Using the Framework in Practice
There is no no right place to start and no “correct” order for answering the questions in the Framework since every answer affects all the others. At times conversation moves naturally to the Situation, at others to an assessment of alternative Strategies or competing Theories of Change. Thinking of the answers as as variables, most of them will be fixed in a given situation, especially in the short run. Still, by systematically going over and over the same ground deficiencies may become glaringly apparent; new Strategic opportunities can appear, even breakthroughs; seemingly hopeless situations become amenable to change.
Finally, whether the Framework is used by individuals or as a consensus-building tool for coaltions and groups, it is an error to imagine that it will produce a clear, permanent and fixed course of action. Strategic advocates follow a plan, developed in advance, based on a systematic analysis of their situation; they are also flexible in the sense that they make adjustments on-the-fly as circumstances change.
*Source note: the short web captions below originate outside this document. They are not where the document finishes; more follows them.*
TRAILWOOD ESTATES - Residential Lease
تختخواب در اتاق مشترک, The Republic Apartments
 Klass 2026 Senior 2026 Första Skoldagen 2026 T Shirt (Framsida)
They are also honest with themselves, and in the face of persistent failure they pause periodically to entertain the possibility that their chosen strategy or one of their principal assumptions is flawed
Three practices will improve the quality of strategic thinking:
- See as clearly as possible from the perspective of others, including those of differing opinions, to understand their motivations and likely decisions. When disagreements are sharp there is a natural tendency to demonize others—especially when they are demonizing Seeing them as they see themselves will help you understand and anticipate how they are likely to react and sometimes reveal opportunities for defusing opposition or even collaborating.
- Anchor your work in vision. Every advocate is tempted to act in ways that conflict with the values they and their organizations claim to live by. Stay aware of your short-term and long-term goals, remaining focused on your vision in the heat of the moment when it is easy to go off track or mirror the opposing side rather than be true to your organization’s values.
- Be aware of your own emotions, especially anger and fear, which can cloud realistic assessment of options. Find ways to observe wrongdoing, mendacity and deceit without being controlled by your personal response to the provocations of others.
 The metaphor of three “streams” that flow along independently most of the time—the policy stream, the problem stream and the political stream—was first developed by political scientist John Kingdon. Kingdon argued that a “window of opportunity” for major changes in an existing policy occur when the three streams merge. We have found that this model and its cousin, “Punctuated Equilibrium,” to reassure students who become frustrated over bad policies that appear to be protected by unassailable coalitions and interest groups.